FOUR Frankfurt ist selbstbewusst, international und modern. Vor allem aber ist es eines: unverkennbar Frankfurt am Main für den Start einer neuen Designzeit. Was unsere Redaktion bewegt...

Mit dem FOUR Frankfurt ist für unsere Stadt eine neue Zeit angebrochen. Das Ensemble setzt architektonische Maßstäbe und zeigt, wie vielfältig vier Hochhäuser genutzt werden können. Hier wird gearbeitet, gewohnt, übernachtet, eingekauft und das Leben genossen. Damit ist ein Ort entstanden, der Frankfurt nicht nur verändert, sondern der Stadt neue Möglichkeiten eröffnet.

Doch bei aller Begeisterung für Architektur, Design und technische Leistung dürfen wir eines nicht vergessen: Hinter jedem Stockwerk, jedem Fassadenelement und jeder Leitung stehen Menschen. Architekten, Ingenieure, Bauleiter, Kranführer, Betonbauer, Elektriker, Installateure, Fassadenbauer, Logistikteams und Lkw-Fahrer haben mit ihrem Können und ihrer Schaffenskraft dazu beigetragen, diese Vision Wirklichkeit werden zu lassen.

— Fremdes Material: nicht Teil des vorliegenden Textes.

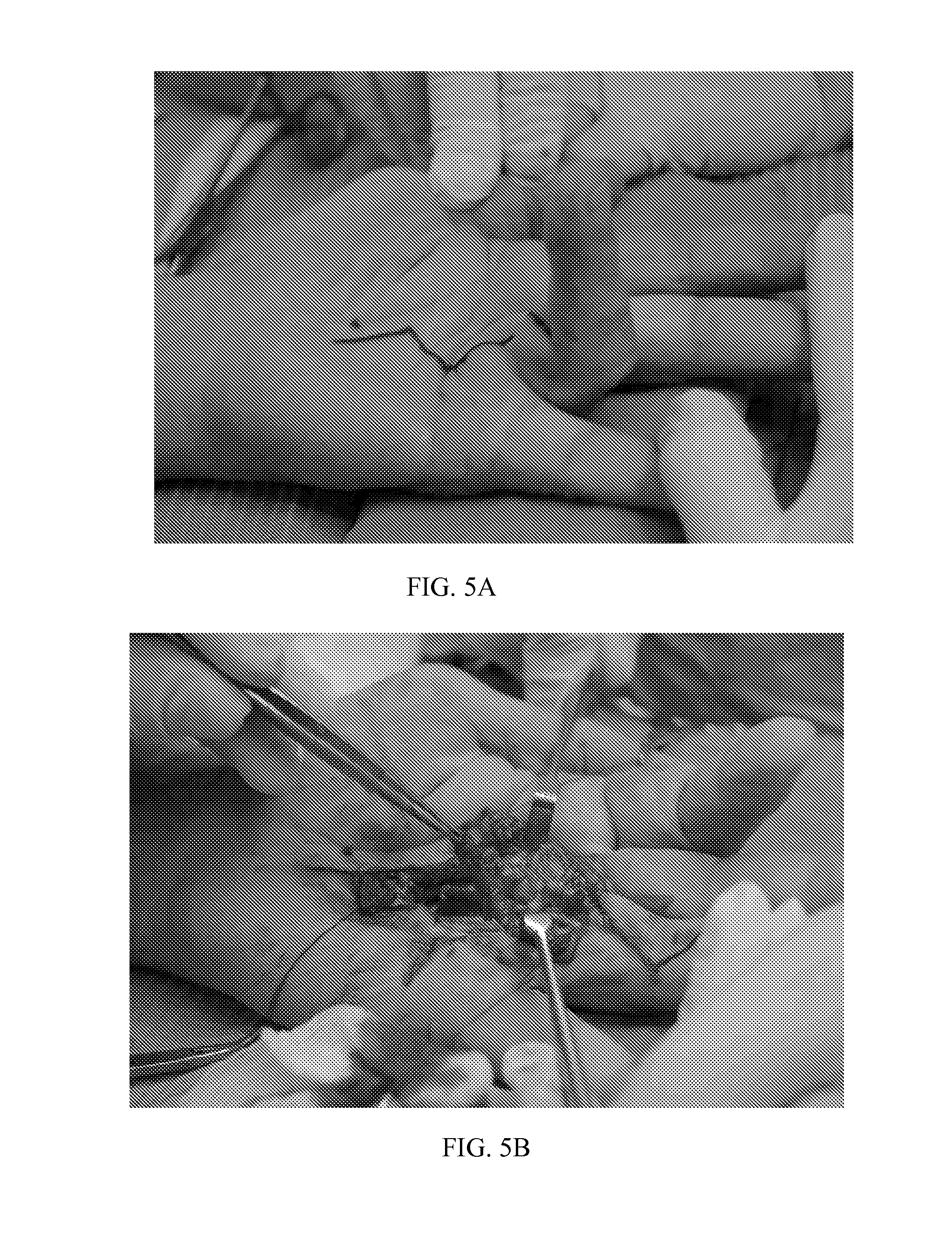 Proteolytic extract from bromelain for the treatment of connective tissue disorders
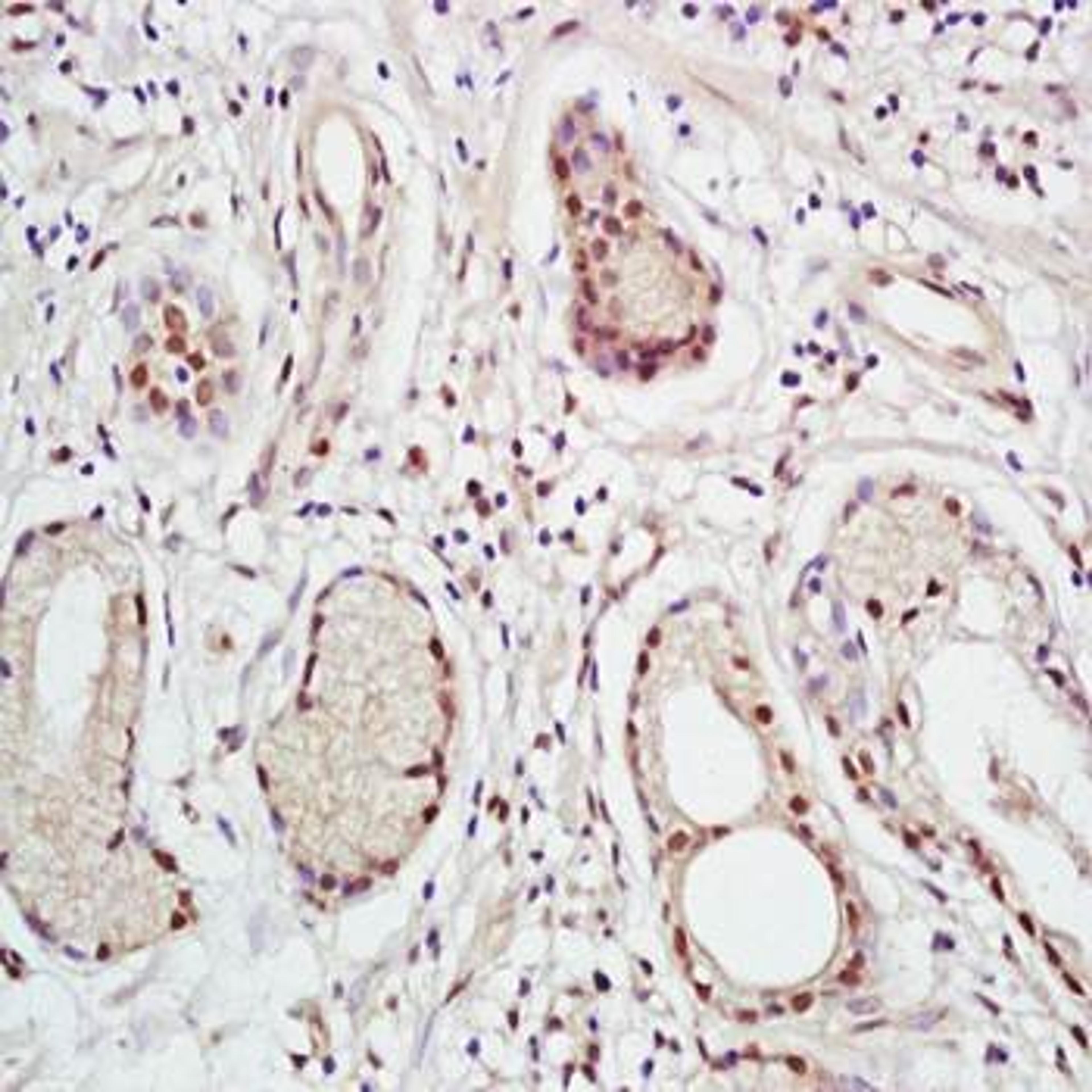 Immunohistochemical analysis of formalin-fixed and paraffin embedded human gastric cancer tissue (Dilution at:1:200) using XPC antibody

Gerade die Fahrer sorgten dafür, dass Baumaterialien und Technik zuverlässig ihren Weg durch die enge Frankfurter Innenstadt bis zur Baustelle fanden.

Während der Entstehung des FOUR waren wir immer wieder mit der Kamera rund um das Areal unterwegs. Zwischen Bauzäunen, Kränen und den täglich weiterwachsenden Türmen kamen wir mit Menschen ins Gespräch, die hier arbeiteten. Sie erzählten uns von ihrer Arbeit, beantworteten unsere Fragen und ließen uns an der Entwicklung dieses außergewöhnlichen Projekts teilhaben. Diese Begegnungen haben das FOUR für uns persönlich gemacht.

Deshalb gilt der Dank unserer Redaktion und auch mein ganz persönlicher Dank, Peter Breul, allen Beteiligten – den sichtbaren ebenso wie den vielen stillen Kräften im Hintergrund. Behandeln und bewahren wir diesen besonderen Ort mit Respekt. Denn in jedem Detail steckt die Arbeit eines Menschen.

An das gesamte Team: Ihr habt nicht nur vier Türme gebaut – ihr habt Frankfurt ein neues Stück Zukunft in die Skyline geschrieben.